Problem is, broken monopolies don't stay broken. Soon after Ma Bell was broken up, they started coming back together again. And meanwhile, these "Baby Bells" picked up new tricks like cell phone, Internet, and even television, meaning when they became the likes of Verizon and the new AT&T, they're even bigger than Ma Bell was originally. Worse, they're savvy enough to not let the same trick happen twice. They keep receptive ears in Washington now.
-
-
Thursday 18th June 2020 10:11 GMT Anonymous Coward
Re: Censorship is bad mmkay
Social networks should make an effort to surround those hateful, loaded, or misinformed opinions with competing opinions from the opposite end of the spectrum.
Much of the problem is the prolific use of bots to amplify and mainstream otherwise outlandish and hateful views. Adding more and more bots shouting ever louder at each other would just be a pointless arms race.
-
Thursday 18th June 2020 10:36 GMT Anonymous Coward
The problem with bots and idiots is that they keep coming back.So just block creating all new accounts on Twitter and Facebook platforms for a couple of years. Anyone who wants an account probably already has one by now. After a while only moderate voices and closed echo chambers would be left.
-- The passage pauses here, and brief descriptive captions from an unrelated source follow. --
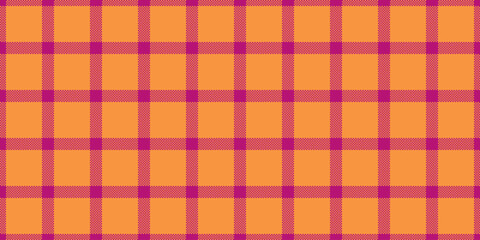 Styled background check tartan, golf seamless fabric pattern. France plaid vector textile texture in pink and orange colors.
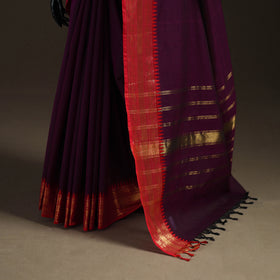 Purple - Chettinad Woven Cotton Saree with Border 40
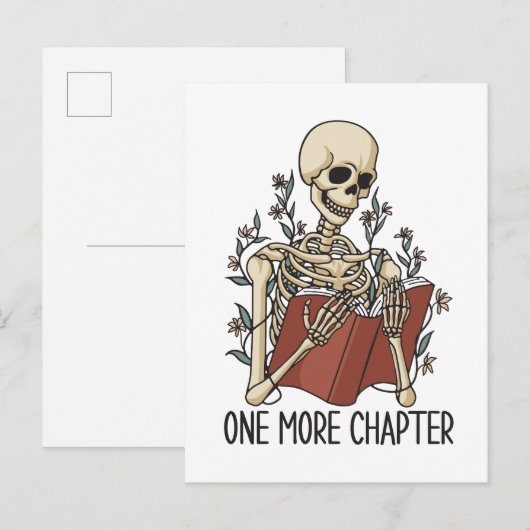 "One More Chapter" Skeleton Leesboek Briefkaart (Voorkant / Achterkant)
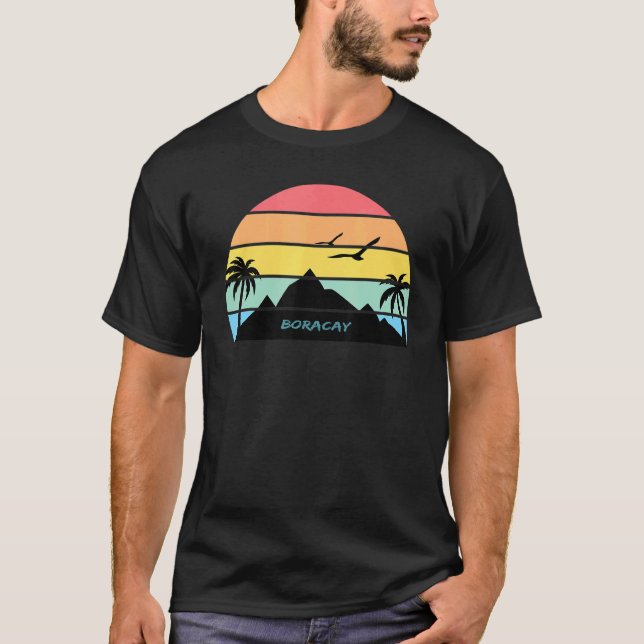 T-shirt Boracay Philippines Beach Travel Palms Island El N (Devant)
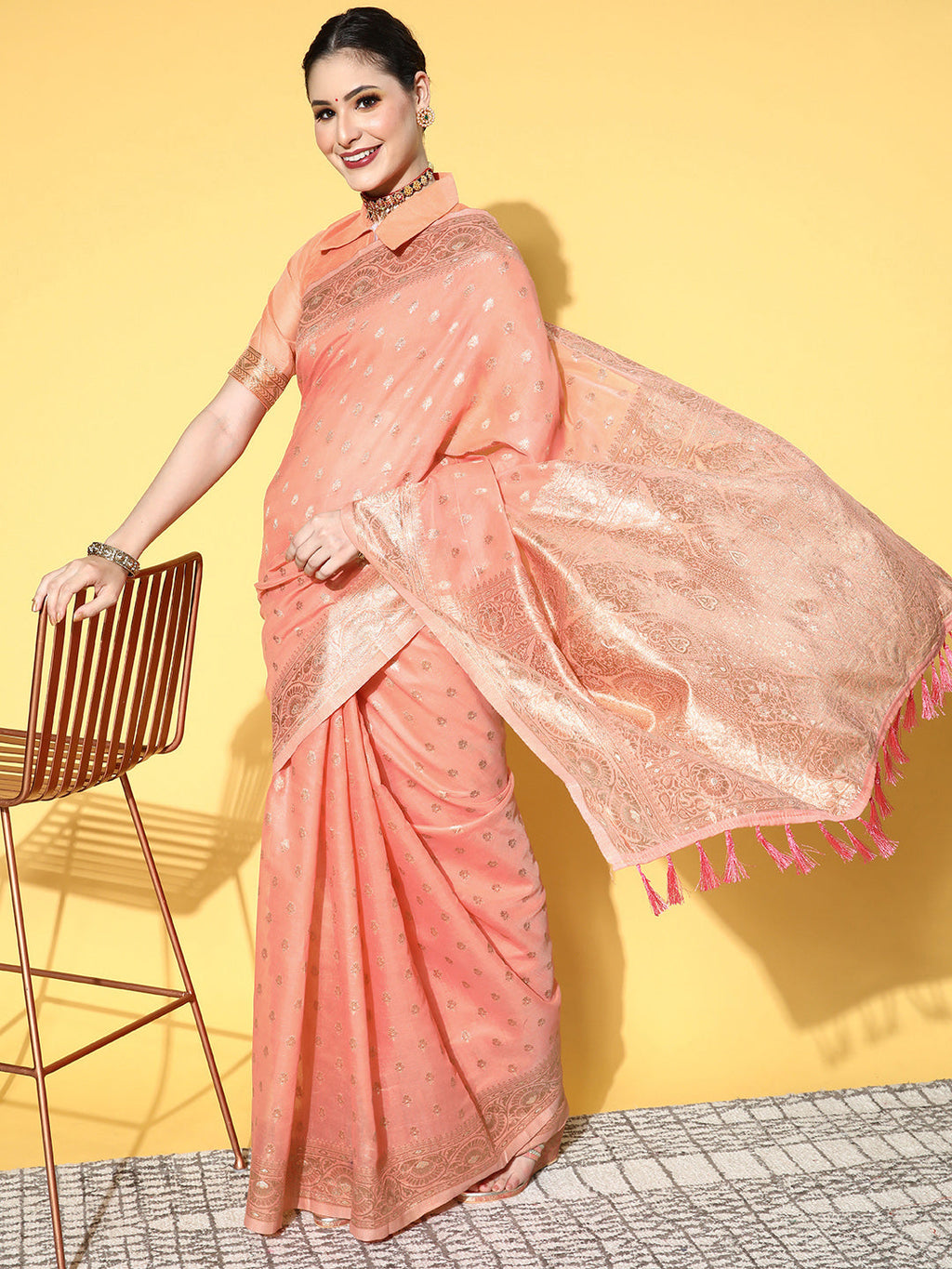 Saree Mall Ethnic Motifs With Woven Design Border Saree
If knowing you might lose your account and never get another one might make you think twice before posting. New users could be allowed eventually if it was felt necessary.
Or only open new accounts to people who can find an existing user who will vouch for them (like how G+ started). If the new user gets banned (temp or permanent), so does their sponser and everyone they have recommended recursively - so sponsers must think hard before agreeing. Sponsers can only vouch for ten person per year, new users must wait a year before recommending anyone.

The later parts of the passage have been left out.